Here’s a moment when 9-year-old Axie is being inspected by a man interested in adopting her:
—Stand, said the b*****d. —Turn around.
I did.
The geezer chewed something as he made the tour of me. His lips were stained brown, his teeth dark in the cracks, and his mouth appeared like it was leaking mud.
—You’re a fine young lady, said he. —So’s your sister.
He was squinting, sucking his lips. —I want to see about your teeth. Open your mouth, say ahhh.
Her new daddy? Axie doesn’t think so and takes a chomp out of the guy’s arm. Take that.
I recommend both books if you like history and the people who lived it. Or if you just like to read about remarkable people whose lives aren’t like your own. And while these aren’t works of true crime or crime fiction, there’s plenty of crime in the the worlds they depict. This was a time when life was cheap and people were desperate and crime naturally follows. The slums of American cities in the 19th century were places where you could get your throat slit and your pockets emptied.
Quaint they weren’t.
But the point is—Ah, the point. Could you feel it coming?—that crime novelists don’t just read crime novels. I always feel a little bad when someone at an event asks what I’ve been reading. They expect the latest in mystery fiction. I end up talking about books like, well, these two. I usually ask them about their favorites. Read a good mystery lately? I’m all ears.
In fact, I’d love recommendations for any sort of reading: nonfiction, novels, classics, bestsellers, history, biography. As we all know that there are so many good books—crime or otherwise— and so little time.
I usually have 4-5 books going at once. Fiction, mystery, poetry, non-fiction. I always have read this way. My better half reads one at a time. I like the sound of Kate Manning’s book and will check my library. Thanks.

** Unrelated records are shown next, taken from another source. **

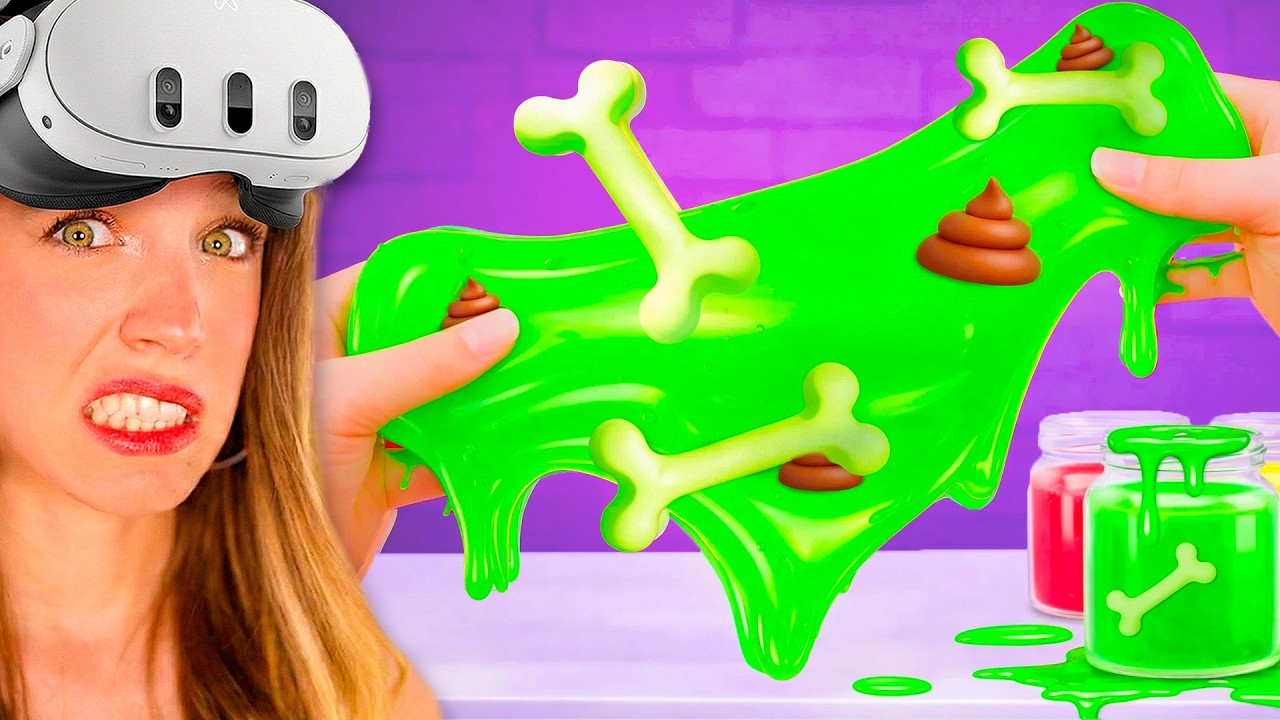 HAGO *SLIME* en REALIDAD VIRTUAL y SALE MAL... 😱 (Día 2 en Slime Lab VR)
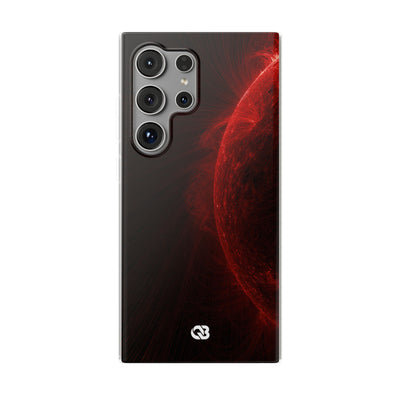 Red Lite Phone Case for Samsung - Solar Crimson Flare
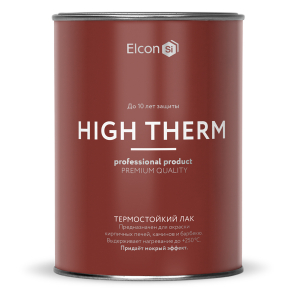 Термостойкий лак Elcon в банках 1л (0,7кг) (бесцветный до 250С)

Gerry, I, too, feel disloyal when asked what I read at an event and I answer something other than a crime novel! I’m re-reading Cold Mountain right now and loving it, also reading a nonfiction book about raising poultry and a few others! There is not enough time in my world to read everything I want to…I suspect you feel the same way.
Disloyal, Vicki, and uneducated. I meet people at events who are so versed in crime fiction that they make me feel like I’m the dumb kid in the class. Have you read … What did you think of … I have to admit I sometimes cringe when I hear those questions coming. Last time it was Elizabeth George, I think. I’m going to try her books next, after I finish a couple of older Henning Mankells. Working my way through the stack.
Gerry – thank you for the mini-review of “All Standing”. I had seen it recently at my local library branch and made a note of it; as an Irish-American with an interest in maritime history for my non-fiction reading, it struck a strong chord. I am happiest when I have a non-fiction read in progress concurrently with the crime fiction, and will move this one higher up ‘the list’ as a result.
And let me strongly recommend A Great Deliverance when you’re ready to try Elizabeth George. It’s a strong, award-winning start to her series, and whether you enjoy it or not, I hope you’ll be able to see why her fans enjoy her books so much.
Thanks again!
Thank you, Kate. I’ll note that title and move it up on “the list” myself. If you like things Irish and maritime, most definitely try
All Standing. The Manning novel is powerful in a very different way.
Picky, picky. Apostrophe alert! Fourth paragraph its. Love to read your stuff.